▶ _Exercise brief_:
A word-for-word retyping of the listing below is required, with the pictures dropped.

▶ _Data extract_:
■ ■ ■ ■ ■

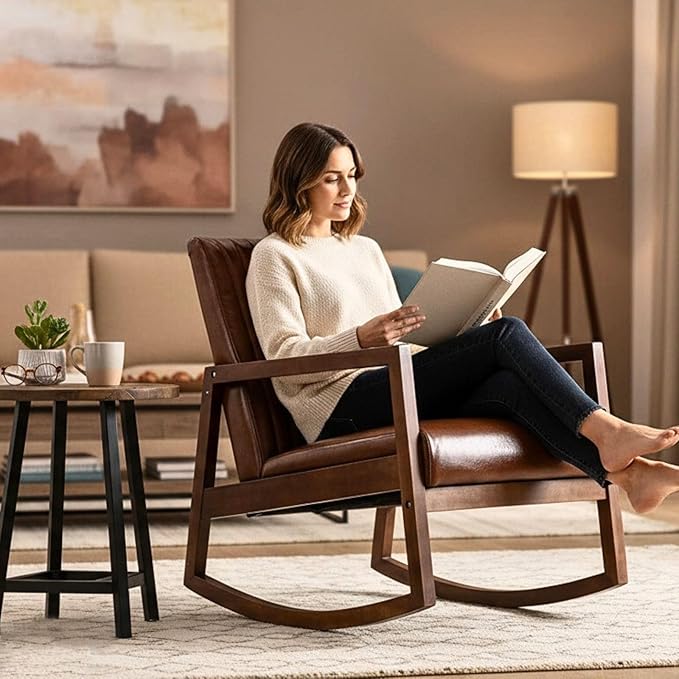 VESCASA Upholstered Rocking Chairs with Channel-Tufted Back, Mid-Century Modern Comfy Oil Wax PU Leather Rockers with Black Walnut Wood Frame for Nursery Living Bedroom Indoor, Set of 2, Brown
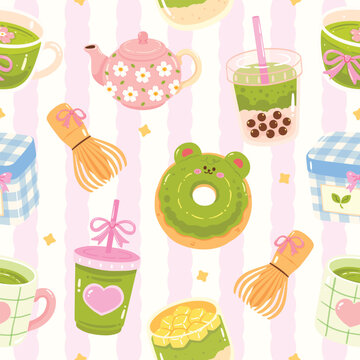 Kawaii Matcha Seamless Pattern Background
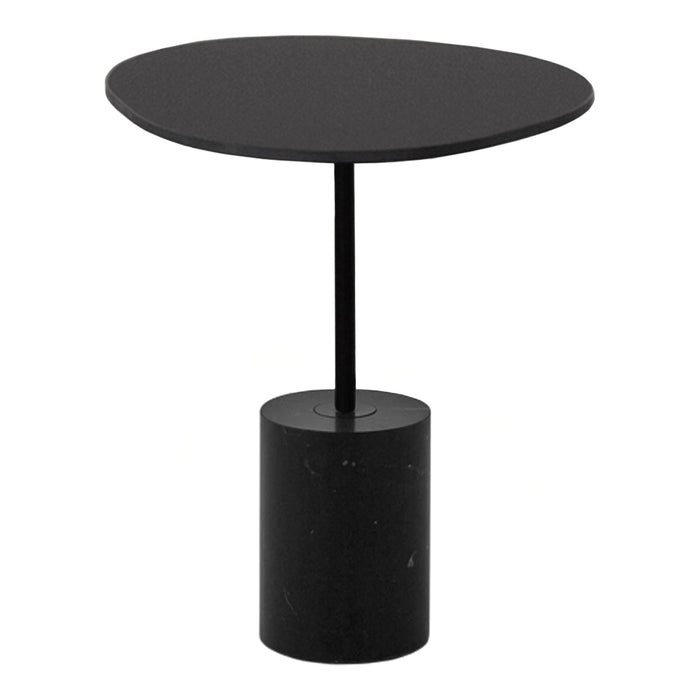 Black round table with a smooth surface and cylindrical base, featuring a minimalist design and sleek lines.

■ ■ ■ ■ ■

▶ _Written answer_:
 VESCASA Upholstered Rocking Chairs with Channel-Tufted Back, Mid-Century Modern Comfy Oil Wax PU Leather Rockers with Black Walnut Wood Frame for Nursery Living Bedroom Indoor, Set of 2, Brown
 Kawaii Matcha Seamless Pattern Background
 Black round table with a smooth surface and cylindrical base, featuring a minimalist design and sleek lines.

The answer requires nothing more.